Il 41 bis è un regime carcerario particolare e più severo della norma, che per questo motivo viene anche chiamato “carcere duro”. Vi sono destinati gli autori dei reati ritenuti più gravi dal nostro ordinamento, soprattutto i reati legati alla criminalità organizzata. Non si tratta però di una punizione aggiuntiva, bensì di un sistema di precauzioni volto a limitare il prosieguo dell’attività criminale e tutelare la sicurezza degli altri detenuti e degli agenti di polizia penitenziaria.
Nato nel 1975 in via temporanea, il regime carcerario 41 bis fu poi esteso ai boss mafiosi nel 1992 dopo gli attentati che sconvolsero il paese di Falcone e Borsellino. Soltanto nel 2002, quando la norma è diventata definitiva, il regime è stato esteso anche ai reati di terrorismo. Ancora oggi, comunque, il carcere duro ha la specifica finalità di impedire che il detenuto possa ricevere informazioni dall’esterno, fattore estremamente rilevante per impedire le attività nelle organizzazioni. Un sistema che non è mai stato accolto in maniera del tutto positiva dalla Corte dei diritti umani di Strasburgo che, infatti, ha sanzionato più volte l’Italia, a causa dell’estrema durezza di questo sistema. Resta però un carcere duro che negli anni ha comunque portato dei risultati sul fronte della lotta alla mafia, ma che nelle ultime settimane ha visto più volte vedere scalfito il proprio operato e alcuni tra i boss più influenti delle cosche hanno visto aprirsi i cancelli del carcere nonostante fossero soggetti a questo regime carcerario.

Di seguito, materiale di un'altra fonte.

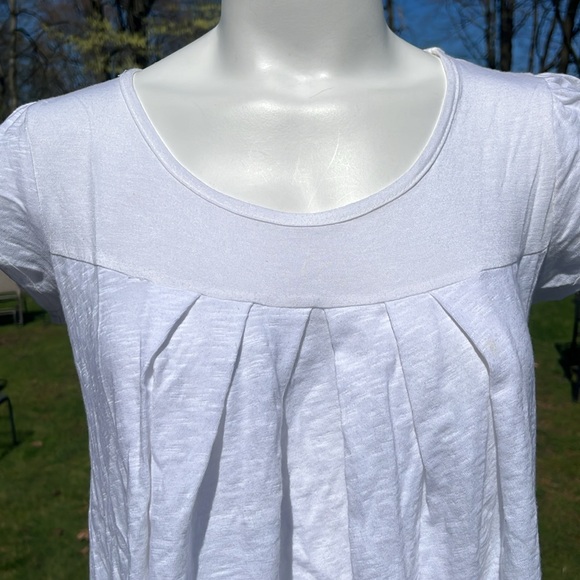 Vintage 2001 XXI babydoll cotton top S - Picture 3 of 8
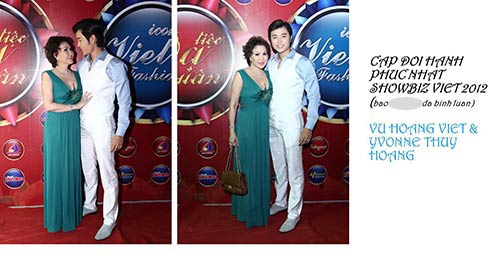 Vũ Hoàng Việt 2013,top 5 Siêu mẫu Việt Nam 2011,Người mẫu Vũ Hoàng Việt,Yvonne Thúy Hoàng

L’ultimo di questi casi è quello che ha riguardato “il re delle scommesse”, al secolo Giuseppe Corona, condannato in appello a 15 anni e due mesi perchè accusato di riciclaggio e intestazione fittizia e sottoposto proprio per il suo importante ruolo ricoperto nella cosca, al 41 bis nel carcere Opera di Milano. Nella motivazione della sentenza si legge che, tra l’altro, avrebbe effettuato investimenti per le famiglie di Porta Nuova e di Resuttana, tra centri scommesse, compro oro e persino la vendita di preziosi al monte dei pegni. Ma da ieri virtualmente libero dopo aver varcato il cancello del carcere perchè scaduti i termini massimi di custodia cautelare e quindi la terza sezione della Corte d’Appello, da cui si attende il deposito delle motivazioni della sentenza, non poteva che accogliere la richiesta degli avvocati. Ora Corona attenderà a piede libero fino a conclusione del processo. Una situazione quindi paradossale perchè da una parte il cosiddetto carcere duro viene imposto ad alcune figure di spicco proprio per lasciarle isolate e non continuare a muovere i propri traffici, dall’altra la lunghezza dei processi in Italia fa si che possano invece ugualmente uscire in attesa della successiva udienza, continuando di fatto a operare come prima dell’arresto. La situazione del boss Corona non è purtroppo un caso isolato, anzi: pochi giorni fa si è stato registrato un episodio molto simile, con il ritorno in libertà dei dieci condannati ritenuti vicini al boss Matteo Messina Denaro, sempre per aver sfruttato la decorrenza dei termini, per colpa di un processo durato troppo.